How to complete this task >> Find the line in the data below that contains "شرح شبكة هيولية الداخلية بشكل بسيط جدا". Return that line and all the lines after it, unchanged.

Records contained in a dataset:
-------
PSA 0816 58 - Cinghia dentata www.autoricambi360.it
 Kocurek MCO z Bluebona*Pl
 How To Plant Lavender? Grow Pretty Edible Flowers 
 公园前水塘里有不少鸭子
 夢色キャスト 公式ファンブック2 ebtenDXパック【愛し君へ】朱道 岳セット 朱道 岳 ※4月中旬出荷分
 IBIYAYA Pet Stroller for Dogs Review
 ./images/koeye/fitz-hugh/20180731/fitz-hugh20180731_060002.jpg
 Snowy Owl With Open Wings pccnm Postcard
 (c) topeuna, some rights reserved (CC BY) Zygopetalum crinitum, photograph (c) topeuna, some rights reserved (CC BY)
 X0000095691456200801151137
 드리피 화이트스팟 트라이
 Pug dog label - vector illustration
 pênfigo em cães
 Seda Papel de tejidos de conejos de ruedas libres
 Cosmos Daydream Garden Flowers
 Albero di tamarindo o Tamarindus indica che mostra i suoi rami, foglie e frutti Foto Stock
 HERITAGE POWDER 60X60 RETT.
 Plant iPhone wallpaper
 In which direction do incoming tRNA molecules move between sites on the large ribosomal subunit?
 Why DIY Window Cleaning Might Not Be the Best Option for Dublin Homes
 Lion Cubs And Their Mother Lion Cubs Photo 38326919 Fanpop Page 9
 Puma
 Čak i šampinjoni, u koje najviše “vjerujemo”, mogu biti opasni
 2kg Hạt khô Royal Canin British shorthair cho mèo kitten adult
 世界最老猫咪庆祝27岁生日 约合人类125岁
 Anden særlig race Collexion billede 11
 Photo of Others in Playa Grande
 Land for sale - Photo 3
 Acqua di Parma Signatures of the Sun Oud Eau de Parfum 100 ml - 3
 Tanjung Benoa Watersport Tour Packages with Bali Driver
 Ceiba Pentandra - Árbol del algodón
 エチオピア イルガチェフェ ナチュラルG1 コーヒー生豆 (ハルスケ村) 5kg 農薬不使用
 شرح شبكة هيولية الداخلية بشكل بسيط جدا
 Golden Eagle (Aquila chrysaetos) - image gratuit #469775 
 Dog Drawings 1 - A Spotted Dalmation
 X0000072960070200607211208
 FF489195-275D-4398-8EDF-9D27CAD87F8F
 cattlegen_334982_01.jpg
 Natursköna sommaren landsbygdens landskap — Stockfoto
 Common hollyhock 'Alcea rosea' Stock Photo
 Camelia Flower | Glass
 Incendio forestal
-------
Solution >>
 شرح شبكة هيولية الداخلية بشكل بسيط جدا
 Golden Eagle (Aquila chrysaetos) - image gratuit #469775 
 Dog Drawings 1 - A Spotted Dalmation
 X0000072960070200607211208
 FF489195-275D-4398-8EDF-9D27CAD87F8F
 cattlegen_334982_01.jpg
 Natursköna sommaren landsbygdens landskap — Stockfoto
 Common hollyhock 'Alcea rosea' Stock Photo
 Camelia Flower | Glass
 Incendio forestal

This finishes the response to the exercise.